Der Beginn von neuen Aktivitäten

Berlin, 15. Juli 2026
Das Schloss Charlottenburg wird jährlich von sehr vielen Menschen besucht, die auch an Gruppenführungen teilnehmen. Doch noch nie gab es eine spezielle Führung für sehbehinderte und blinde Menschen. An diesem Mittwoch war das anders, denn die erste Schloss-Führung für blinde und sehbehinderte Menschen hatte ihre Premiere im Schloss. Die Selbsthilfevereinigung Pro Retina Berlin-Brandenburg hatte es geschafft solch eine Führung zusammen mit der Gästebetreuung zu organisieren.

Die Gästeführerin Gudrun empfing die Gruppe vor dem Schloss und erklärte einiges über die Geschichte des Schlosses und der Namensgeberin – Königin Sophie Charlotte von Preußen. Nach dieser Königin ist das Schloss und der Bezirk von Berlin benannt. Das Schloss hatte seine Grundsteinlegung und Baubeginn 1695. Es lag weit vor den Toren Berlins im Dorf Lietzow, welches dann in Lietzenburg und danach in Charlottenburg umbenannt wurde. Es war ein reines Sommerschloss und wurde nur im Sommer bewohnt. Das Schloss war ein Geschenk von König Friedrich I. von Preußen an seine Frau.

Zuerst bekamen die Gäste der Führung das Gebäude als Miniaturausführung zu Gesicht. Die blinden und sehbehinderten Gäste konnten das Modell mit ihren Händen begutachten. Gudrun erklärte die Teile des Gebäudes ganz genau.

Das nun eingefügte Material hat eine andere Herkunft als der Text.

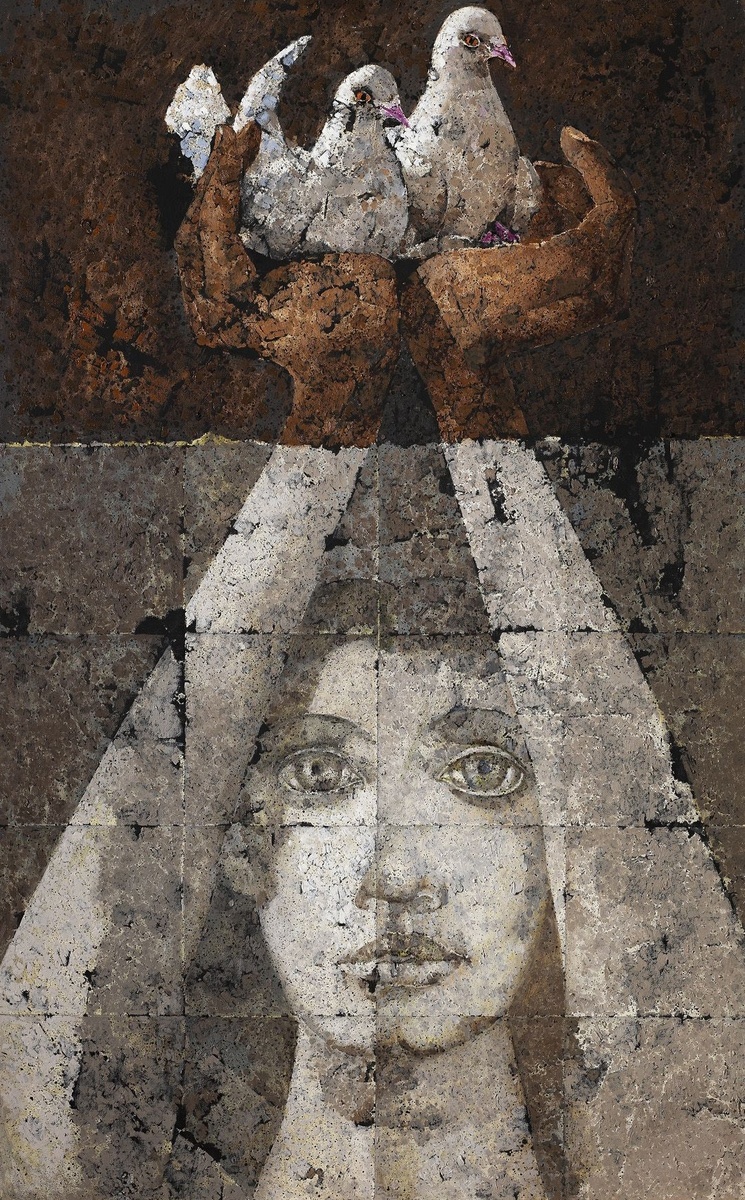 КАРТИНА ПАКИСТАНСКОГО ХУДОЖНИКА ДЖАМИЛЯ НАКШИ / Jamil Naqsh / 1939 - 2019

Dann begann die eigentliche Führung durch das Erdgeschoß. Gudrun erklärte sehr bildreich die Inneneinrichtungen. So konnten sich die Blinden einen guten Eindruck von den Räumlichkeiten verschaffen. Die Vorstellung der Räume spielt sich hier ja in den Köpfen der Menschen ab. Auch Zwischenfragen waren erlaubt und gewünscht.

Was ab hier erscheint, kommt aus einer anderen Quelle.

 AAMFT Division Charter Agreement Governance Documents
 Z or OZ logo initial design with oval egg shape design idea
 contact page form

Sehr interessant war, dass es weder Flure noch Gänge gab. Auch Toiletten und Badezimmer waren Fehlanzeige. Es gab für die Königin lediglich ein kleines Bad neben dem Schlafgemach. Die Zimmer gingen fast ineinander über und waren nur durch eine Tür getrennt. Eine für damalige Zeiten übliche Bauweise, die aber sehr wenig Privatsphäre zuließ. Das Leben des Königpaares war sehr öffentlich.
Die Hygiene und das Toilettenwesen wurde auf Nachfrage dann von Gudrun ausführlich erklärt. Damals gab es einen Stuhl und andere Utensilien für solche „Geschäfte“. Daher rührt noch der Name Stuhlgang. Gewaschen wurde sich auch nicht richtig. Der Adel „wusch“ sich mit Parfüm, die Haare mit Mehl und trug riesige Perücken und Kopfkratzer. Das Wasser war durch die in die Flüsse geworfene Abfälle stark verschmutzt, deshalb tranken die Menschen Bier und Wein – außer es gab einen sauberen Brunnen oder eine Quelle.
Also mancher Obdachloser hat heute mehr Hygiene als der Adel vor 300 Jahren.

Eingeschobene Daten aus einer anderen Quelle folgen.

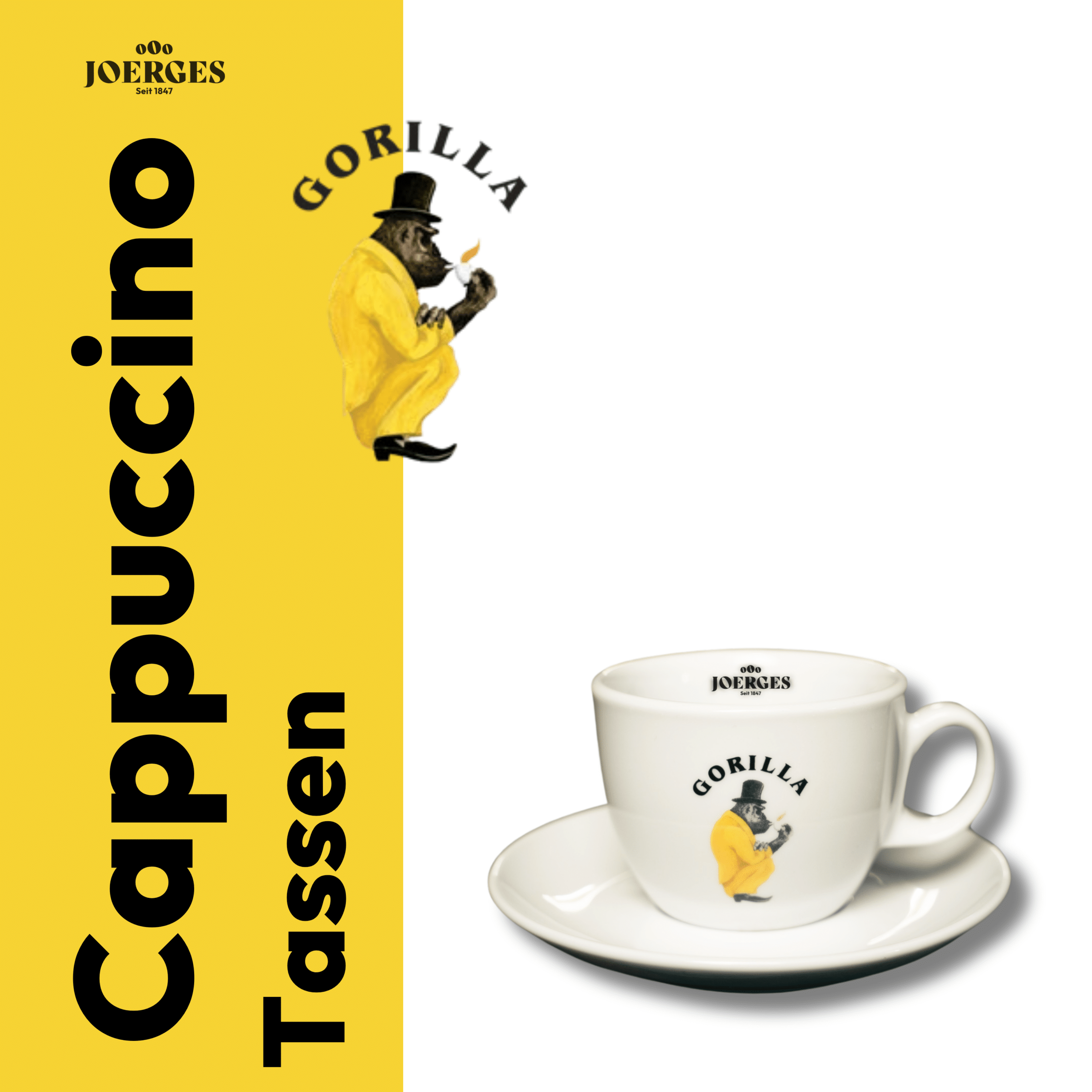 gorilla cappuccino tasse mit untertasse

Gudrun erzählte zwischendurch noch mehr aus der Historie der Königin, ihrer Nachfahren (Friedrich der Soldatenkönig und Friedrich der Große) und über das schöne Schloss. Es wurde anfangs in Barock erbaut und dann im Rokoko-Stil weitergebaut. Barock ist bei den Möbeln mit großen Möbelfüßen zu erkennen. Rokoko hat dagegen schmale/schlanke Möbelfüße.
So erfuhren die Führungsgäste, dass ihr Mann als „Schiefer Fritz“ bekannt war, weil er einen Hüftschaden hatte. Sophie Charlotte kam aus dem Fürstenhaus Hannover, dass ja schon Jahrhunderte lang England regiert, weil einst ein deutscher Verwandter König von England wurde. Die Adligen der damaligen Zeit waren alle miteinander verwandt. Dort hat es seit dem 1. Weltkrieg aber den Namen Windsor.

Alle Pro-Retina-Gäste waren von der tollen Führung durch Gudrun begeistert und zollten großen Applaus.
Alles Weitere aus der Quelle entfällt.